== Segment start ==

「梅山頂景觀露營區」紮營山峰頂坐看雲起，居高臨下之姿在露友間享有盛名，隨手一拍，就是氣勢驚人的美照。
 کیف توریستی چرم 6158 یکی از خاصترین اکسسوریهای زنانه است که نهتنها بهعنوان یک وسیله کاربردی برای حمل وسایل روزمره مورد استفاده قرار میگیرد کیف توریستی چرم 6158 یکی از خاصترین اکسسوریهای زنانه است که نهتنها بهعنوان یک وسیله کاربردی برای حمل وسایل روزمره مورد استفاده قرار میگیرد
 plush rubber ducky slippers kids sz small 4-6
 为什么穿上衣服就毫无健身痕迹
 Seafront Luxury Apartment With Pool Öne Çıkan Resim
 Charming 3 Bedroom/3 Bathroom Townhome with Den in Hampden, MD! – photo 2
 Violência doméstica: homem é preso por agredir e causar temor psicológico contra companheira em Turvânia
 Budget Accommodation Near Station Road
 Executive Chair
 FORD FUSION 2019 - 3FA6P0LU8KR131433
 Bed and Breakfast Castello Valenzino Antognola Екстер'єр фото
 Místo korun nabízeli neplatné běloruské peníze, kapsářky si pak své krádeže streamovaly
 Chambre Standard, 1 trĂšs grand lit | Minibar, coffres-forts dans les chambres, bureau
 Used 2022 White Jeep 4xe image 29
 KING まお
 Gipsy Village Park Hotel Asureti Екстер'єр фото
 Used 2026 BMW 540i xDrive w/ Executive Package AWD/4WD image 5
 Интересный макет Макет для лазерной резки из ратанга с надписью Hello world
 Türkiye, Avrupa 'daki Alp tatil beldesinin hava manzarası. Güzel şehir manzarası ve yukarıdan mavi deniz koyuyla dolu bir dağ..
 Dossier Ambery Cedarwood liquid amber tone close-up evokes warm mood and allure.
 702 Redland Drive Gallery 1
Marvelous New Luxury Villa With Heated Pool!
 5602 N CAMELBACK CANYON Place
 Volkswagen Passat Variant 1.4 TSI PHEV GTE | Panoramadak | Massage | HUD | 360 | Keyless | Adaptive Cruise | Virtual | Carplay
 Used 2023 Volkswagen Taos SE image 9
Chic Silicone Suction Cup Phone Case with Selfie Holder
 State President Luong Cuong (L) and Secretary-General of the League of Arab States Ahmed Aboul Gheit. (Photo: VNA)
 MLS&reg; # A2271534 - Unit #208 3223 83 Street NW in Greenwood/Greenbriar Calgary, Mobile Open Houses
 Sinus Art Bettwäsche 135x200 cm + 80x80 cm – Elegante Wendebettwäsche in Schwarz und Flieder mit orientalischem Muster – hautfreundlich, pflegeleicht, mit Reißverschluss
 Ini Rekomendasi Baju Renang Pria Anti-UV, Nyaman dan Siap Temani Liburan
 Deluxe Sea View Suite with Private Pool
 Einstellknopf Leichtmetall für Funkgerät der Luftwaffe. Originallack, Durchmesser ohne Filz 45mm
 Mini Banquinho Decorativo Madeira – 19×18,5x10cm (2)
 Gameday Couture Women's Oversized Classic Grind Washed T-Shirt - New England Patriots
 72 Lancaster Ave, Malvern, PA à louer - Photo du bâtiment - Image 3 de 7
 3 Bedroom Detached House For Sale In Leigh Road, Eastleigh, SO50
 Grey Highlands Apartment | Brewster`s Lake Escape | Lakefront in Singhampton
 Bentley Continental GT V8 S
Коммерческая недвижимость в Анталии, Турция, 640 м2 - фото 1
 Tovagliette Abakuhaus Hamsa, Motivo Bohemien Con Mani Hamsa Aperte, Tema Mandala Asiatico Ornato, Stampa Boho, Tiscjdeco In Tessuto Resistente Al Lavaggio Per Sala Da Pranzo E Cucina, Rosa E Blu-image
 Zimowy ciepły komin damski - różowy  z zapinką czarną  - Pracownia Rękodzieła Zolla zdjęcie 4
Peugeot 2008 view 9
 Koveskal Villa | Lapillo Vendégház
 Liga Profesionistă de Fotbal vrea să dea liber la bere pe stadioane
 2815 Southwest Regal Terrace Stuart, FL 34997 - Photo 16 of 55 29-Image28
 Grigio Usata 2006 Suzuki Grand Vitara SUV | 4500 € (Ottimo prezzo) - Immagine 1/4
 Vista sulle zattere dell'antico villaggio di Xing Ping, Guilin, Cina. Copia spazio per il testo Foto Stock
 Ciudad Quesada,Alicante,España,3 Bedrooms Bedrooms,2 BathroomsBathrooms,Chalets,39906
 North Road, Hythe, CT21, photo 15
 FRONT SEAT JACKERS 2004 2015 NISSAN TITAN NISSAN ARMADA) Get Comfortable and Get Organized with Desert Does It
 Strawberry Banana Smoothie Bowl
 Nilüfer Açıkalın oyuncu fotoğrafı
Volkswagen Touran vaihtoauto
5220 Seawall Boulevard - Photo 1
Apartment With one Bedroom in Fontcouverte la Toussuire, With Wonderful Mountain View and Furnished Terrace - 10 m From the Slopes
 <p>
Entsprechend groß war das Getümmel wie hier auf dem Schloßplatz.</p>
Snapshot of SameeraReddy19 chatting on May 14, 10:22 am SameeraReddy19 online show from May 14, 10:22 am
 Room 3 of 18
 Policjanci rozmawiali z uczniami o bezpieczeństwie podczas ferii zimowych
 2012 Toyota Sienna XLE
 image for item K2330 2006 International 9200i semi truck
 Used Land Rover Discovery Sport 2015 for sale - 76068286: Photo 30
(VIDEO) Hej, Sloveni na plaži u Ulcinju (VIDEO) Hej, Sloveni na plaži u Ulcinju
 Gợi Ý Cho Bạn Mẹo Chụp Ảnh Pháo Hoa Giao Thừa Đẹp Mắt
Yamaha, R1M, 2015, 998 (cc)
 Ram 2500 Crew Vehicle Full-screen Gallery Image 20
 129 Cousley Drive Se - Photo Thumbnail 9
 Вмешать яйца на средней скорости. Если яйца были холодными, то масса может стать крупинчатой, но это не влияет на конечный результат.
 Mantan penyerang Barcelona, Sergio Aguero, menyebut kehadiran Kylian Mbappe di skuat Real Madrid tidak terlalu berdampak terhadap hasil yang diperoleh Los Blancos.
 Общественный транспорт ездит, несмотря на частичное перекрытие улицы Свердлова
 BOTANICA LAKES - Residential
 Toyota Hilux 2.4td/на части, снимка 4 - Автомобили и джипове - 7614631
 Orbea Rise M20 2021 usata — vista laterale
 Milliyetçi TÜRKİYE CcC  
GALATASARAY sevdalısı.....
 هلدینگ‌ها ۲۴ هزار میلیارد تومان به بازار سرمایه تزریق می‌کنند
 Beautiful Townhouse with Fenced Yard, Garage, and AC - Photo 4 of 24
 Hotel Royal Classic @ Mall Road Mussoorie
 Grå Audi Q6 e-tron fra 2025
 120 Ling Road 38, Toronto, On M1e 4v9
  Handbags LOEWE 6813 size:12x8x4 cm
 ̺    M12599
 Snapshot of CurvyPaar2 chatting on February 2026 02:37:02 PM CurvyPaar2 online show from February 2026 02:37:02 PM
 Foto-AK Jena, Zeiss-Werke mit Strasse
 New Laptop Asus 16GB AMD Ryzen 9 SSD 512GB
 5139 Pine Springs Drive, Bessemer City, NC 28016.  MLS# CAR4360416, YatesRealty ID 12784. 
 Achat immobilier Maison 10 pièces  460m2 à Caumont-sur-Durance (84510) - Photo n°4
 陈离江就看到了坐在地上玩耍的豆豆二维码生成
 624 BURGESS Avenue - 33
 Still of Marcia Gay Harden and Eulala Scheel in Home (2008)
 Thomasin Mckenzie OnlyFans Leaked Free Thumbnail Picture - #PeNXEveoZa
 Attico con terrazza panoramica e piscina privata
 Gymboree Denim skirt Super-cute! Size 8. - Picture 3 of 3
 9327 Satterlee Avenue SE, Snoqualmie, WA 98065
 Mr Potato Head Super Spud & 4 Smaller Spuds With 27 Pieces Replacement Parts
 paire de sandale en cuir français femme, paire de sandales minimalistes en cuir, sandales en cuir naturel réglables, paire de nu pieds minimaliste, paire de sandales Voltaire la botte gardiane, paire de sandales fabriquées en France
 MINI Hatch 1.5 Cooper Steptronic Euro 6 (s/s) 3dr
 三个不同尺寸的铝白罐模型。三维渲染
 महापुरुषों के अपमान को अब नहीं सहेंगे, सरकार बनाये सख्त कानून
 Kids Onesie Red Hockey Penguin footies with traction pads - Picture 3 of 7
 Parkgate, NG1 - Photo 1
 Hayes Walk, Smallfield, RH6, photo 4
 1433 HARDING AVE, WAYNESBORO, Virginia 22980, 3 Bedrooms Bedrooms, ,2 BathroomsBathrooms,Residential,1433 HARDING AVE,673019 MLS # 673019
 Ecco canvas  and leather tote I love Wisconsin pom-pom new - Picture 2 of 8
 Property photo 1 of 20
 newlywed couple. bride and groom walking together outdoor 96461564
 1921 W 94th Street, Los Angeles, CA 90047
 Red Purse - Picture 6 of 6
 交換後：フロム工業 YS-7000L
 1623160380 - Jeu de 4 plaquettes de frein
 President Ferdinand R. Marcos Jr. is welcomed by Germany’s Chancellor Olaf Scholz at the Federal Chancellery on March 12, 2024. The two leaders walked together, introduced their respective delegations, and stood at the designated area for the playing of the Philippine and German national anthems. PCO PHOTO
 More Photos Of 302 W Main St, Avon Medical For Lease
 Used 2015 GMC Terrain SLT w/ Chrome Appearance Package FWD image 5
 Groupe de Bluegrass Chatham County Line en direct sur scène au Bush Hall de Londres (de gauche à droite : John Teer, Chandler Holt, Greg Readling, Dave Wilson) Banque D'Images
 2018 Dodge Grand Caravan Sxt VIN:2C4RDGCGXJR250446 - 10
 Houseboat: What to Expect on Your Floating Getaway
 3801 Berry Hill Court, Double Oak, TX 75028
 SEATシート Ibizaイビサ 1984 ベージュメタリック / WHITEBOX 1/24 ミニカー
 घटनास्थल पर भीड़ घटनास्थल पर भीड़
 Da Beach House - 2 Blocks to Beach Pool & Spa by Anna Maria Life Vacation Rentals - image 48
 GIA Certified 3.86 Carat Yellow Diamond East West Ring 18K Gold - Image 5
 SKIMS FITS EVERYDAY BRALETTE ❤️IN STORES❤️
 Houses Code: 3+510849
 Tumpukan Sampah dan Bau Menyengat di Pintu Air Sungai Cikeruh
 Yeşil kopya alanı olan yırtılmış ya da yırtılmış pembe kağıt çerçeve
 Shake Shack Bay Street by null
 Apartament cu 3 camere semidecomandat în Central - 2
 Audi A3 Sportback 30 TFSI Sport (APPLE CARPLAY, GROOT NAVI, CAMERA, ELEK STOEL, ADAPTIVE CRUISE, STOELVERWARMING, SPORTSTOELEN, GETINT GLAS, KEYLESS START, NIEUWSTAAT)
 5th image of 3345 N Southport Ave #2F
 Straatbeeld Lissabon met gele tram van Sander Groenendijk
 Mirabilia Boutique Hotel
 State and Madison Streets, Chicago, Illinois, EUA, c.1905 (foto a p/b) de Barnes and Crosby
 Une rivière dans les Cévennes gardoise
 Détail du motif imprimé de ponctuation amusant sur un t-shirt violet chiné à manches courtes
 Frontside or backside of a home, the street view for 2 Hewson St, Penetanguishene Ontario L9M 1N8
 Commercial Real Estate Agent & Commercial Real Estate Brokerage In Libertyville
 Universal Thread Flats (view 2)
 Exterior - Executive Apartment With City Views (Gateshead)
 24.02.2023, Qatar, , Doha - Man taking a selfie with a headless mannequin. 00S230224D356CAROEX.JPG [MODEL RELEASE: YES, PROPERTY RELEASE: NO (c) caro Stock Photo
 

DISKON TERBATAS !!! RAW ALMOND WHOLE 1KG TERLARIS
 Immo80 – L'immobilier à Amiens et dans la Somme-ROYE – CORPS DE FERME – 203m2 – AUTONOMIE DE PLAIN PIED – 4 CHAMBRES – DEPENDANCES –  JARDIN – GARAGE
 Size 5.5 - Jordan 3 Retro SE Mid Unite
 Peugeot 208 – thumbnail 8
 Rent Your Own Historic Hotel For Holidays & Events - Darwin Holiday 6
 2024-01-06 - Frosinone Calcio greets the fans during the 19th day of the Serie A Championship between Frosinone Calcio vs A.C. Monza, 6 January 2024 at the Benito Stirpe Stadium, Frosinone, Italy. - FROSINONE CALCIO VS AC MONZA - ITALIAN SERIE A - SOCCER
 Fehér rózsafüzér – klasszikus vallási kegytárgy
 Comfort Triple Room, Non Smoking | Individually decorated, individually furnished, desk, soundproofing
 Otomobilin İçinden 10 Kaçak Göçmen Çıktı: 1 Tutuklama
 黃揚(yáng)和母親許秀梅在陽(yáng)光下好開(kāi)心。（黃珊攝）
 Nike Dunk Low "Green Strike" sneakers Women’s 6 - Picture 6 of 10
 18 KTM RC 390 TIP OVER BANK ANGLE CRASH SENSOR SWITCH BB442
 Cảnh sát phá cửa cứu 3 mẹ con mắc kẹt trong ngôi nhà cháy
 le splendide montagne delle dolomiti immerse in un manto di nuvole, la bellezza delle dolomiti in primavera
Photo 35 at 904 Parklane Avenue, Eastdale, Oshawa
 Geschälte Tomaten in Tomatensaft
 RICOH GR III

== Segment end ==

Start at the line with "Cảnh sát phá". Give that line and every line after it again, word for word, through the last line above.

 Cảnh sát phá cửa cứu 3 mẹ con mắc kẹt trong ngôi nhà cháy
 le splendide montagne delle dolomiti immerse in un manto di nuvole, la bellezza delle dolomiti in primavera
Photo 35 at 904 Parklane Avenue, Eastdale, Oshawa
 Geschälte Tomaten in Tomatensaft
 RICOH GR III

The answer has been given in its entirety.